Saturday, May 24, 2014

Post-Impressionism (pt. 3)

In pursuit of the best method for painting the object in its honest, physical bulk, Paul Cézanne turned to a technique that simplified surface areas of space into compartmentalized sections of color and brushwork.  Cézanne painted small cubes of color that distinguished different textural planes of an object's outward surface.  Through thickness of paint and changes in the direction of the brushstrokes, he could delineate the subtle alterations of an object's mass.  This may sound complex, but in fact the artist was trying to formulate a less complicated way to paint the three-dimensional by narrowing down the focus onto specific qualities of mass, volume, and external surface texture.  These ideas later became the foundational inspiration for Cubism; and there they are perhaps more readily explicable.  For now we can see examples of what Cézanne is doing in his Mont Saint-Victoire series.

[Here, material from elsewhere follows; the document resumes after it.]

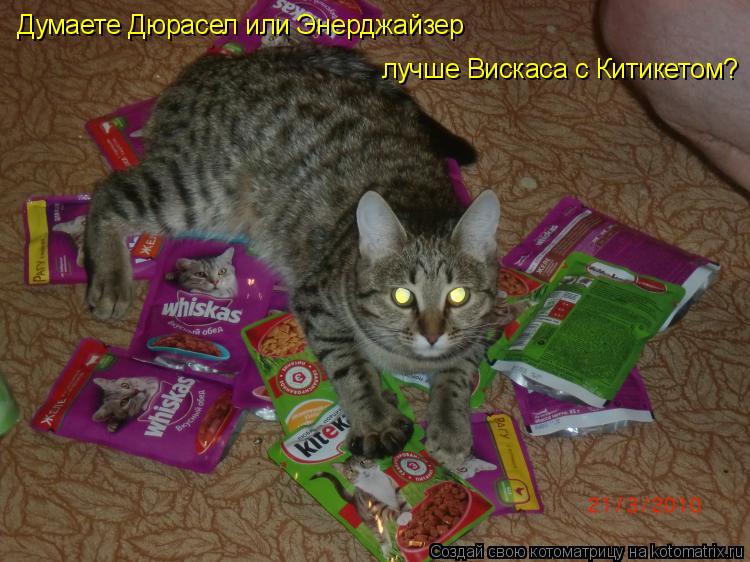 Котоматрица: Думаете Дюрасел или Энерджайзер  лучше Вискаса с Китикетом?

This is just one of a series of paintings the artist made of a mountain in southern France.  Cézanne painted it 60 times.  With a closer look at the artist's brushwork, we can detect his method for blocks of color.  The mountain is painted in chunks, with altering directions of brushstrokes wherever the mountain surface has changed.  This is also true of the valley around it.  Trees, bushes, and flatland have all been compartmentalized into chunks of color and consistent paintbrush movement.  This breaks down (almost mathematically) the three-dimensionality of the scene and therefore better translates it to the flat canvas of the artist.  In theory, this was the problem which Cézanne was attempting to solve with his techniques, but it simultaneously lessened the realism of his works.  He was more concerned with conveying the ideas behind a certain aspect of the object than in painting realistically an entire scene.  This, too, was a form of Impressionism; but the Post-Impressionists took the physicality of Impressionism (its emphasis on the visual world, on sunlight and atmosphere) to new levels.